### Material supplied ###
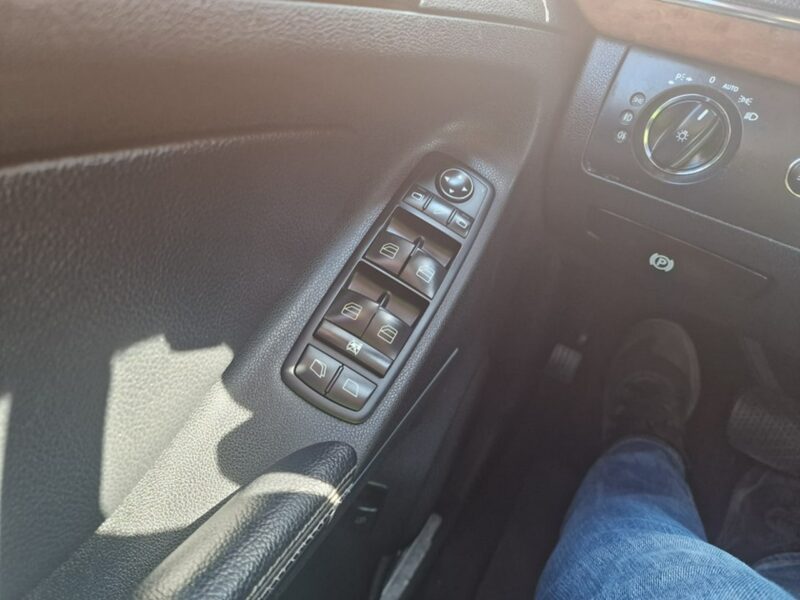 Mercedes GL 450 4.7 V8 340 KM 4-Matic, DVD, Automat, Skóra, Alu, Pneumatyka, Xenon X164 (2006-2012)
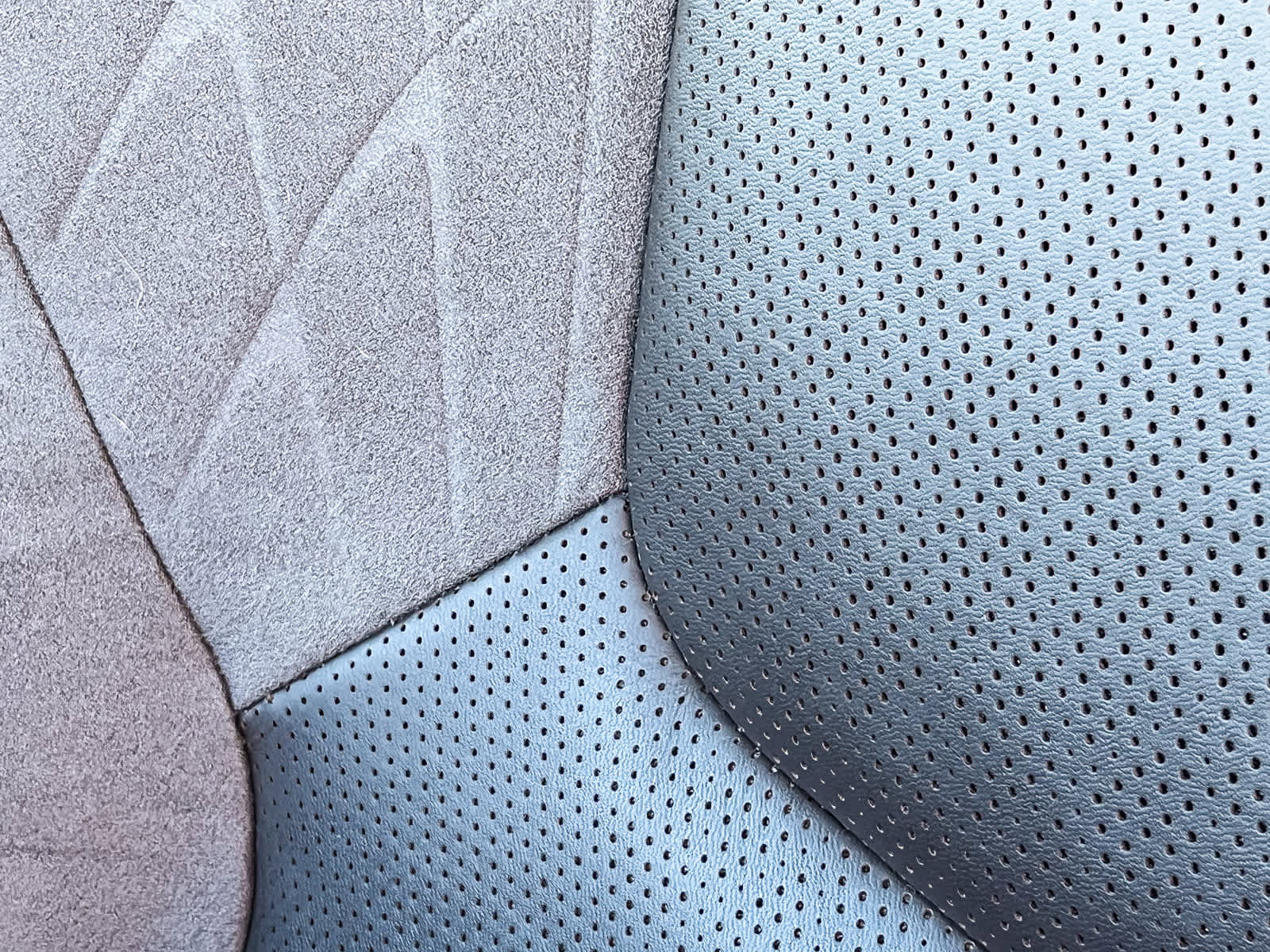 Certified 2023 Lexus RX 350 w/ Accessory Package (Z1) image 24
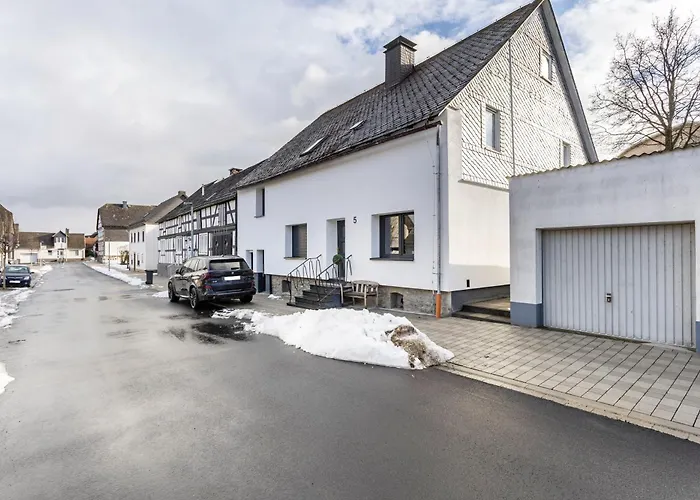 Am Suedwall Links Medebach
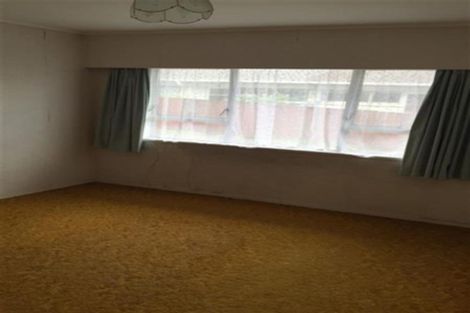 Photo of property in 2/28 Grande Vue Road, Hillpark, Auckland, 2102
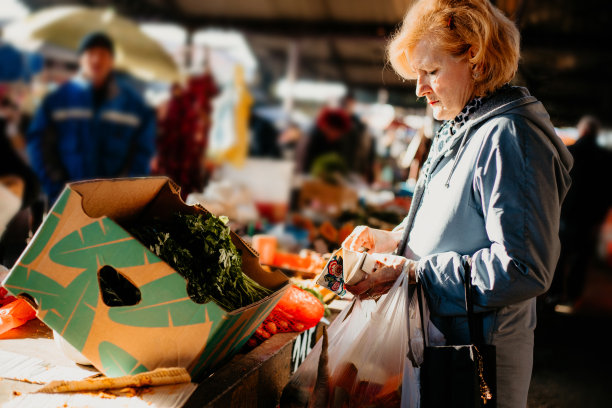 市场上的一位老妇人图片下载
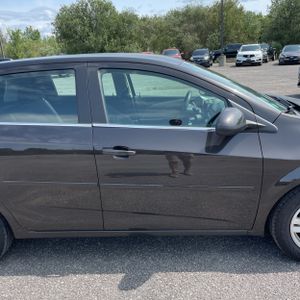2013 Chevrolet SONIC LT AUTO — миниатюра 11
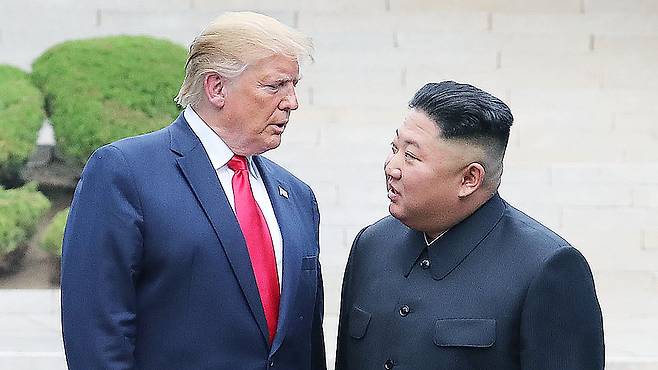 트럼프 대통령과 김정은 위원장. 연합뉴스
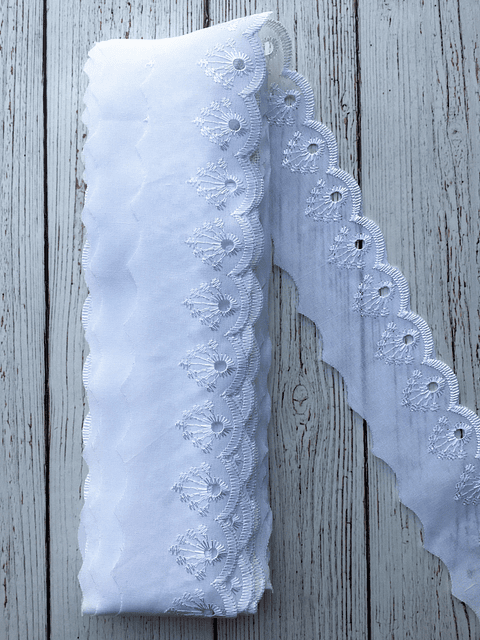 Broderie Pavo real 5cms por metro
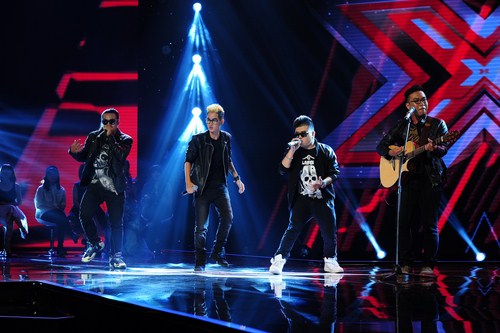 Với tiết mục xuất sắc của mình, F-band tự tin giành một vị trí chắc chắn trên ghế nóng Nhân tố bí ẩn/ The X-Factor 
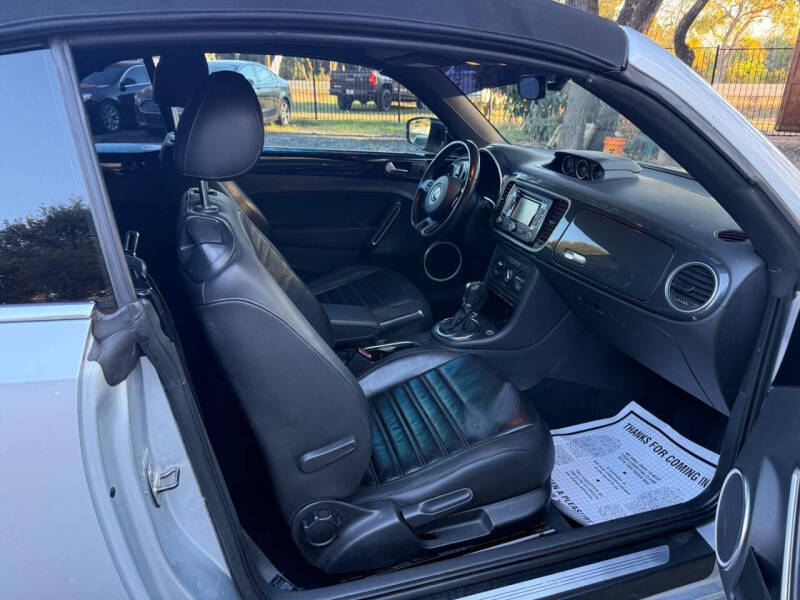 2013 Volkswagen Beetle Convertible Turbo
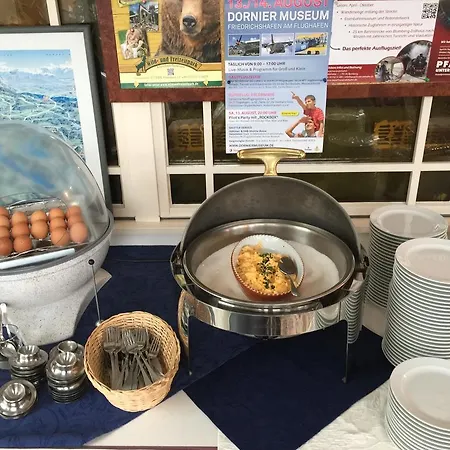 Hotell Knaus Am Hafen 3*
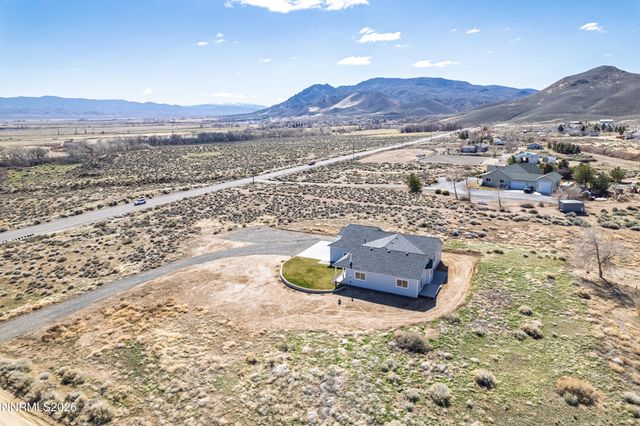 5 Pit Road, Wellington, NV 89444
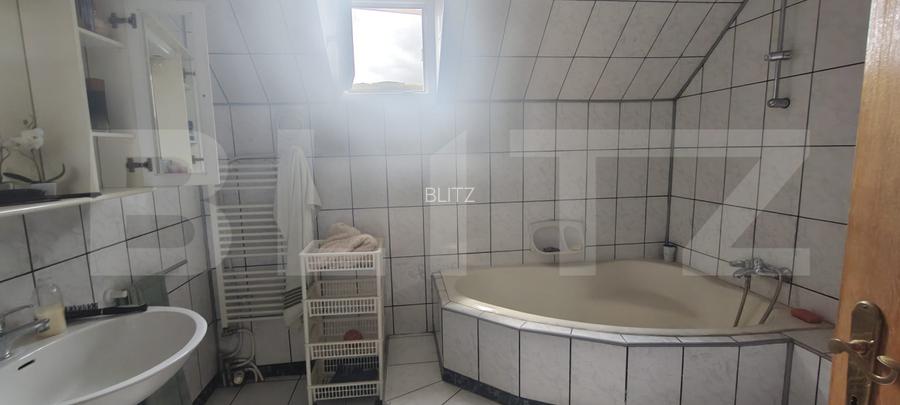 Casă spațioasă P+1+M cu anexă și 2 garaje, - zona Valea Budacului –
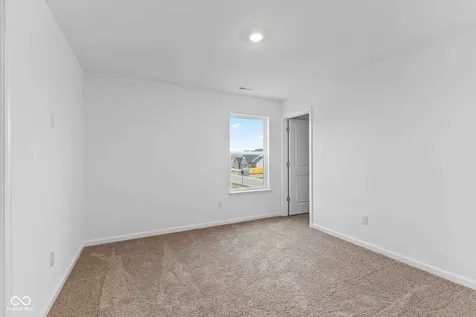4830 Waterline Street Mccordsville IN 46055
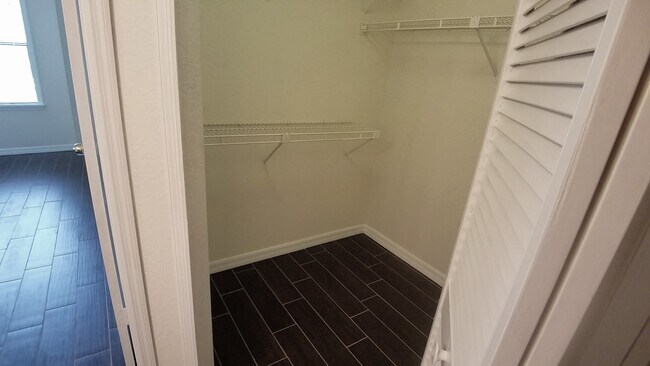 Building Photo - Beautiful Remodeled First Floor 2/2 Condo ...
###
Exercise instructions: Copy out exactly the lines from the one with "Am Suedwall Links Medebach" through the end of the listing, both ends included, omitting any picture.

Output of the exercise:
 Am Suedwall Links Medebach
 Photo of property in 2/28 Grande Vue Road, Hillpark, Auckland, 2102
 市场上的一位老妇人图片下载
2013 Chevrolet SONIC LT AUTO — миниатюра 11
 트럼프 대통령과 김정은 위원장. 연합뉴스
 Broderie Pavo real 5cms por metro
 Với tiết mục xuất sắc của mình, F-band tự tin giành một vị trí chắc chắn trên ghế nóng Nhân tố bí ẩn/ The X-Factor 
 2013 Volkswagen Beetle Convertible Turbo
 Hotell Knaus Am Hafen 3*
 5 Pit Road, Wellington, NV 89444
 Casă spațioasă P+1+M cu anexă și 2 garaje, - zona Valea Budacului –
4830 Waterline Street Mccordsville IN 46055
 Building Photo - Beautiful Remodeled First Floor 2/2 Condo ...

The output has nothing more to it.